For the rest only adopting a defensive posture if attacked, but otherwise drawing is too dear to me for me to allow anything to distract from it.
The singular effects of perspective are more intriguing to me than human intrigues. If Tersteeg had better understood that my painting is an entirely different matter from other things, he wouldn’t make such a fuss. But now, in his eyes, I’ve deceived and disappointed Mauve. Moreover, he thinks I only do it on account of the money from you. I find it all absurd — too absurd to attach any importance to it. Mauve himself will realize later that he wasn’t deceived in me and that I was absolutely not unwilling. It’s just that he HIMSELF persuaded me to draw more conscientiously long before I did anything else. But back then we didn’t understand each other correctly, again because of H.G.T., who was behind it.
As to your letter, I would like to say again that I can’t help it that you didn’t know about Sien’s child, because when I told you about her I certainly mentioned it, but you probably thought I meant the child that hadn’t yet come into the world. But I had already spoken a few words about the humanity sometimes found in a person, as in Mme François in the book by Zola. But I have no humanitarian plans or ideas, as if I thought I could do the same for everyone. Yet I’m not ashamed to say (though I know very well that the word humanity is out of favour) that for my part I’ve always felt the need to love one creature or another, and will continue to do so. Preferably an unfortunate or spurned or abandoned creature, I don’t know why. Once I nursed a poor burnt miner for six weeks or 2 months — I shared my food with an old man a whole winter long — and I don’t know what else, and now Sien. But to this day I don’t believe that this was foolish or bad, I see it as so natural and self-evident that I can’t understand how people can be so indifferent to each other normally. Let me add that if I did wrong, you also did wrong in helping me so loyally — that would be wrong too, but that would surely be absurd. I’ve always believed that ‘love thy neighbour as thyself’ isn’t an exaggeration but the normal state of affairs. But anyway. And you know that I’ll make the greatest possible effort to ensure that I start selling soon, precisely to avoid abusing your goodness.
I also firmly believe, brother, that if, in response to suggestions that you should stop sending me the money — which I think may possibly be made, you calmly reply that you’re confident I’ll turn out to be a good painter and that you’ll therefore continue to support me.

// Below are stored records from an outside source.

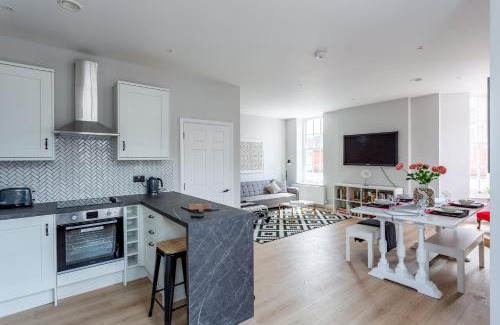 Westcliff-on-Sea Apartment | 2BR Apartments in Southend near City Centre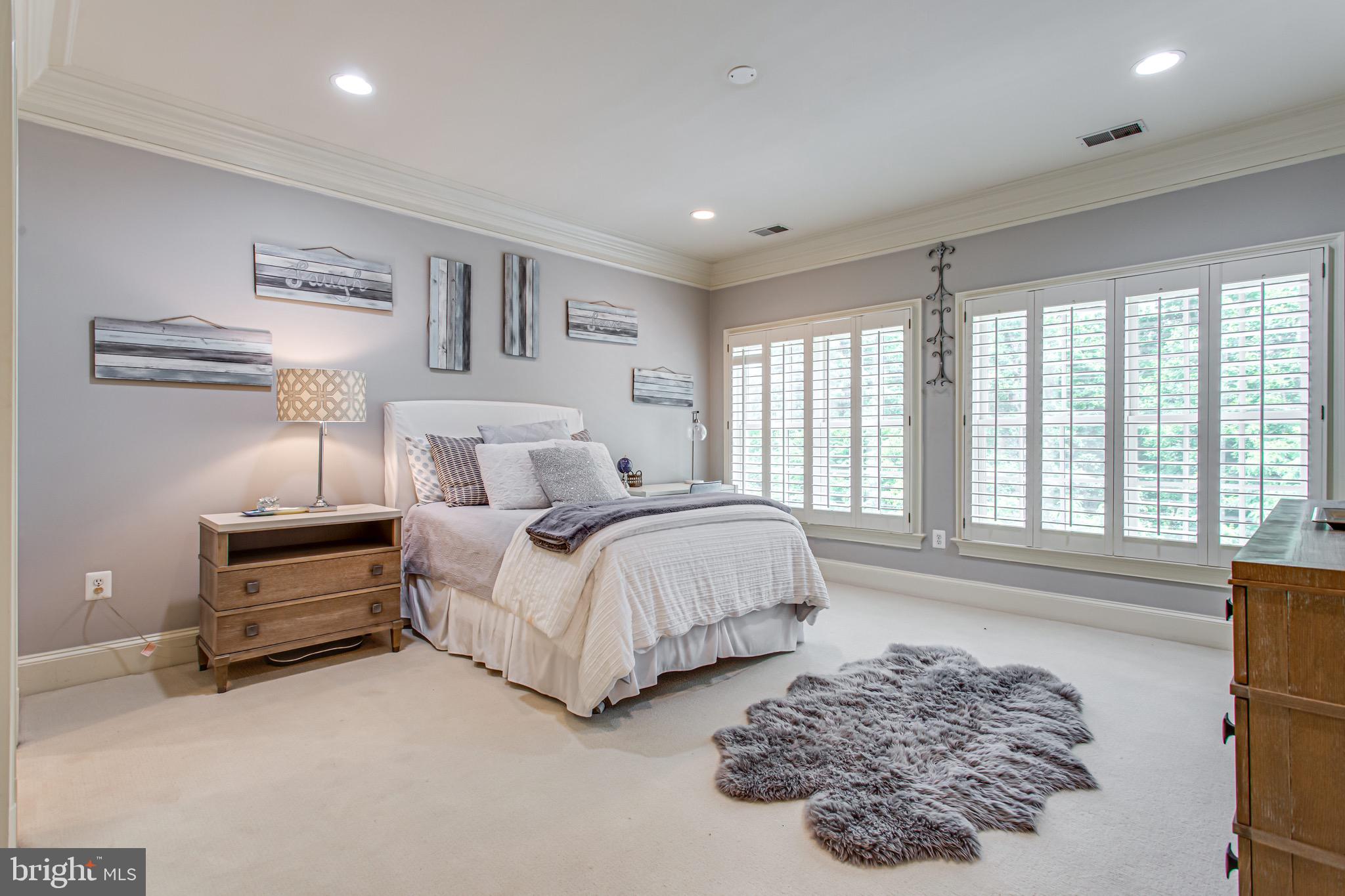 Mclean, Virginia, 22102, United States, 7 Bedrooms Bedrooms, ,10 BathroomsBathrooms,Residential,For Sale,1842537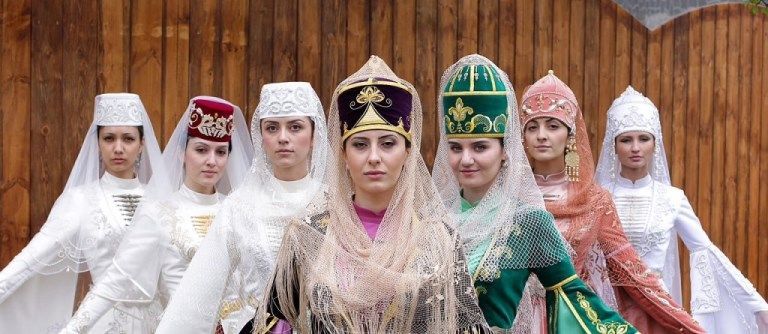 Изольда Гогичаева стала лауреатом Евразийского конкурса высокой моды национального костюма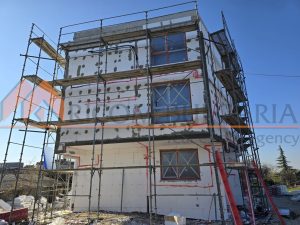 Тристаен апартамент с площ 92,82 кв.м., находящ се на втори /надпартерен/ етаж. - 8 - Ricom Bulgaria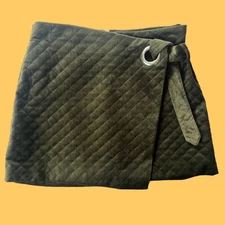ETHEREAL by Paper Crane green quilted mini skirt. Women’s M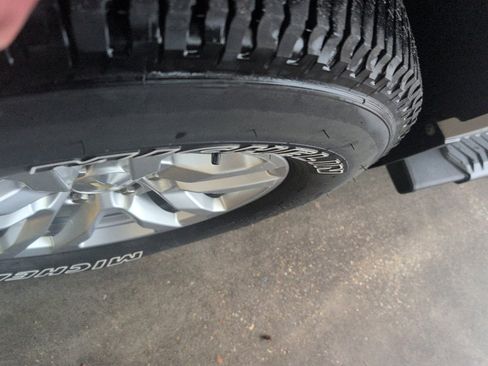 Used 2019 Chevrolet Silverado 1500 LT w/ All-Star Edition AWD/4WD image 4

That you’ve left me free as regards my private life and affairs, and won’t coerce or help to coerce me, and then there will very soon be a stop to the gossip, and then only in certain circles will I be seen as a social pariah and be cast out. Which leaves me pretty indifferent, and to which I’m already accustomed. Which will make me concentrate on art more and more. And though some may damn me irrevocably and for all time, in the nature of things my profession and my work will open up new connections, all the fresher for not being made cold, stiff and sterile by old prejudices about my past. Connections with people like Tersteeg, who persist in their prejudices, are absolutely sterile and useless. Well, old chap, thank you for your letter and the fifty francs — my drawing has dried somewhat in the meantime and I’m going to touch it up. The lines of the roofs and gutters now shoot away nicely like arrows from a bow — drawn without hesitation. Adieu, with a handshake.
Ever yours,
Vincent
P.S. Read lots of Zola, it’s healthy stuff and clears the mind.
252 | The Hague, Monday, 31 July 1882 | To Theo van Gogh (D)
My dear Theo,
Just a word to say welcome before you come here. And to report the safe arrival of your letter and the enclosure, and to thank you very much.
It was most welcome for I’m working hard and again need one or two things.
As regards black in nature, we are of course in complete agreement, as I understand it. Absolute black doesn’t in fact occur. Like white, however, it’s present in almost every colour and forms the endless variety of greys — distinct in tone and strength. So that in nature one in fact sees nothing but these tones or strengths.
The 3 fundamental colours are red, yellow, blue,
" composite " orange, green, purple.
From these are obtained the endless variations of grey by adding black and some white — red-grey, yellow-grey, blue-grey, green-grey, orange-grey, violet-grey.
It’s impossible to say how many different green-greys there are for example — the variation is infinite.
But the whole chemistry of colours is no more complicated than those simple few fundamentals. And a good understanding of them is worth more than 70 different shades of paint — given that more than 70 tones and strengths can be made with the 3 primary colours and white and black. The colourist is he who on seeing a colour in nature is able to analyze it coolly and say, for example, that green-grey is yellow with black and almost no blue, &c. In short, knowing how to make up the greys of nature on the palette.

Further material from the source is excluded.